Of the 175 cartoons, 110 had identifiable copyright years ranging from 1935 to 1992. Overall, there was a total of 106 lead and 127 minor female characters across all the cartoons, and a total of 326 lead and 587 minor male characters. Of the 175 cartoons 45% had no female leads, 50 had one female lead, 4% had two, and 1% had three. These cartoons included 1% with no male leads, 47% with one, 33% with two, 8% with three, 9% with four and 2% with five. There were no cartoons with gender-neutral leads.
Male vs. Female Comparisons
To address Hypothesis 1, paired t-tests were conducted comparing male and female characters across all cartoons. Using the cartoon (N = 175) as the unit of analysis, the results indicated that the cartoons had significantly more male lead (M = 1.86) and minor characters (M = 3.35) than female lead (M = .61) or minor characters (M = .95). Male characters talked nearly twice as much (M = 325.57 seconds) as did female characters (M = 179.39 seconds). The means for statistically significant (p [less than] .05) comparisons of characteristics of lead characters are presented in Table I. Due to deletion of missing data, the Ns for these analyses were all 95. Missing data occurred in cartoons for which there was no female lead, so the traits could not be judged for a female lead. The character ratings showed significant differences, such that the male characters were more independent, assertive, stereotypical, athletic, important, attractive, technical, and responsible than were the female characters. The female characters were rated significantly more emotional, warm, romantic, affectionate, sensitive, frail, mature, and domestic than the males.
Paired t-tests on the behavior and communication ratings were somewhat more problematic. Initial analyses indicated that male characters did more of everything than female characters, simply because there were so many more male characters than female characters. When the male and female behavior and communication variables were divided by the total number of male and female characters, respectively, t results showed significant differences, such that females engaged in every behavior more frequently than did the males.

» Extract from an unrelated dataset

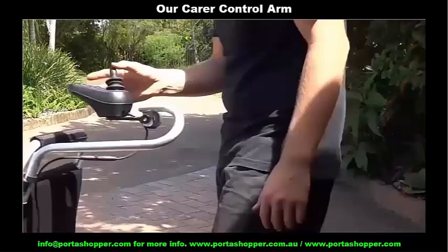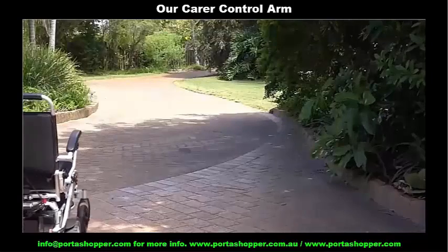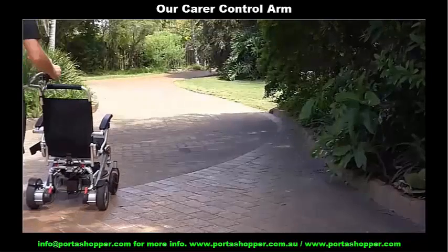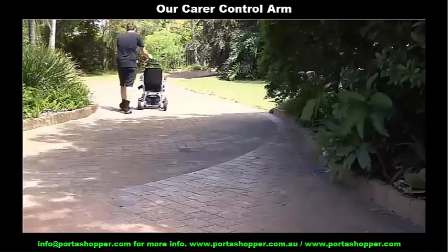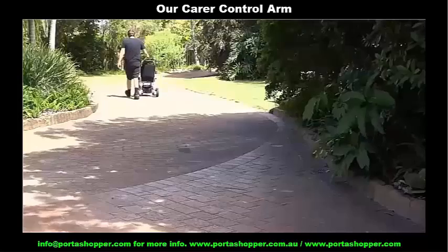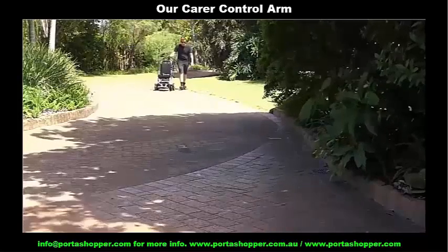Another innovation we include is our carer assist arm, consisting of an extension arm for the joystick that allows a caregiver to steer and power the wheelchair whilst comfortably walking behind it. This is for those instances when the operator loses the dexterity or ability to control the wheelchair by themselves.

These results appeared to occur because there were so many more male characters, and dividing the male occurrences by the number of male characters resulted in very low scores.
Table I. Significant (p [less than] .05) Gender Comparisons –
Characteristics (Unit of Analysis = Lead Character; N = 95)
These results indicate some significant differences in the presentation of the male vs. the female characters on children’s cartoons. As suggested in hypothesis 1, in most ways the characterizations were rather consistent with traditional gender role stereotypes. They do, however, seem to have changed in several ways since the 1970s research.
Differences emerged between genders both in terms of the importance or prominence of the characters and in terms of their presentation. As past research found, there were significantly more male lead and minor characters than female lead or minor characters. Lead male characters talked almost twice as much as did the lead female characters. Similarly, initial tests on the behavior and communication variables indicated that male characters did more of almost everything than did the female characters, simply because they appeared more often.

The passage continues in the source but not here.